Which extinct pigeon species would you bring back if you could?

Which extinct pigeon species would you bring back if you could?

  • Rodrigues Blue Pigeon (Alectroenas rodericana)

    Votes: 0 0.0%
  • Reunion Pigeon (Columba duboisi)

    Votes: 0 0.0%

  • Total voters
    27
  • Poll closed .
Passenger Pigeons needed very large breeding colonies, without which individual birds would not survive. If flocks of this size still existed, WE WOULD KNOW ABOUT THEM!!!!!!!!!! Most of those sightings came from heavily birded states (Wisconsin, Missouri, ect.). I doubt a Passenger Pigeon could survive there undetected.

Besides, those photos are clearly juvenile Mourning Doves in the early mourning (or late evening) light.
I agree those birds aren't Passenger Pigeons, but am not convinced they would not adapt to breeding in smaller groups or single pairs.
 
Refused to vote due to the lack of Natunaornis gigoura - Fiji's version of a dodo, the Viti Levu giant pigeon.
 
Moreover, it was a more attractive species

but also because they don't look very pigeon-like.
Isn't that a tad bit superficial? "I'm sorry, but we cannot resurrect your species." "But, why???" "You're not attractive enough and don't look like pigeons. Next!" :p

As for the aforementioned Carolina parakeet, it always makes me sad to think that if the German ornithologist Hans Freiherr von Berlepsch had taken better care, the species might have had a chance for a comeback thanks to ex situ conservation.
Once in zoos but now extinct
 
So no one knows where Liverpool pigeons are from? Is this a scenario where a specimen was collected and then sat in a museum for years before someone recognised it was something new and unique?
 
So no one knows where Liverpool pigeons are from? Is this a scenario where a specimen was collected and then sat in a museum for years before someone recognised it was something new and unique?

Not quite; it was recognised as distinct by the ornithologist John Latham in the 18th century based on two specimens and a drawing which he had been shown (of which one specimen and the drawing have been lost), but he wasn't given locality information for either specimen. We can make educated guesses that the species lived in the South Pacific based on the origin of other specimens in the two personal collections which held them, and some suggestion has been made that the species came from Tahiti due to reports of a somewhat-similar bird in the accounts of Tahitians interviewed in the 1920s.

Unfortunately, after being recognised as distinct for many years, in the 19th century the zoological consensus was that the species was probably just a deformed Nicobar Pigeon - largely due to the fact Rothschild held a lot of influence and didn't accept the species himself - and although this has now been conclusively debunked, valuable time (and one specimen) was lost so we likely will never know for sure.
 
Hope I don't come across as a spoil sport or to sound like a total bore but to be frank I wouldn't want to bring back any of them from extinction in that hypothetical situation.

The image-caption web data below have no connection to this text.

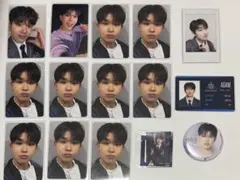 PRODUCE 101 JAPAN 新世界 日プ アダムナガイ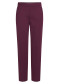 náhled Beaumont Charlie Pants Dark Berry
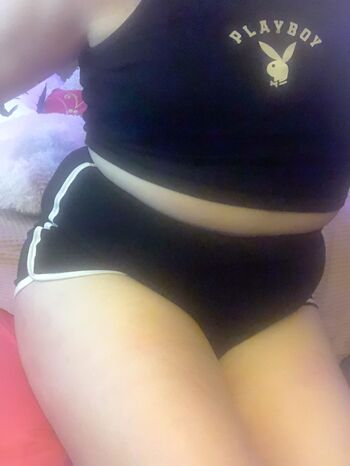 Evie_X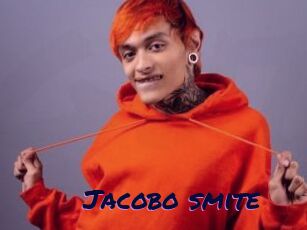 Jacobo_smite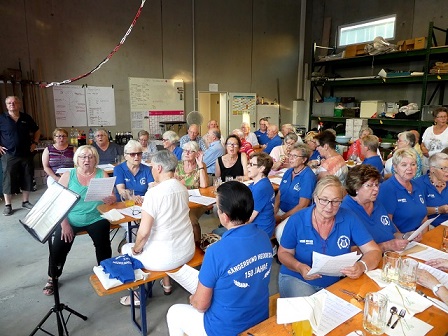 20190723-SB beim DRK (es12).JPG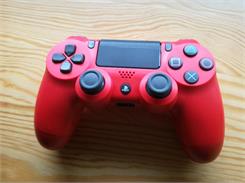 Sony Playstation DualShock 4 V2 Czarny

I'd rather focus and mobilize resources / research and attention on extant but critically endangered columbidae species and particularly those from Brazil like the purple winged ground dove and the blue eyed ground dove.

I feel that living species have to be the priority and I think that the passenger pigeon and other extinct columbids do serve as very poignant (and useful) illustrative symbols and reminders of the tragedy of extinction.
 
this fellow sends a shiver down my spine. The Pink Pigeon (Nesoenas mayeri). Off topic but this little devil had me in the mid-late 1990's killing hours and hours of time on an online (bear in mid to late mind late 90's) model to look at population levels effect given all sorts of eco, bio & natural disasters, it would not work and everyone invented the findings and our Professor even gave us all a decent score to keep shhhh!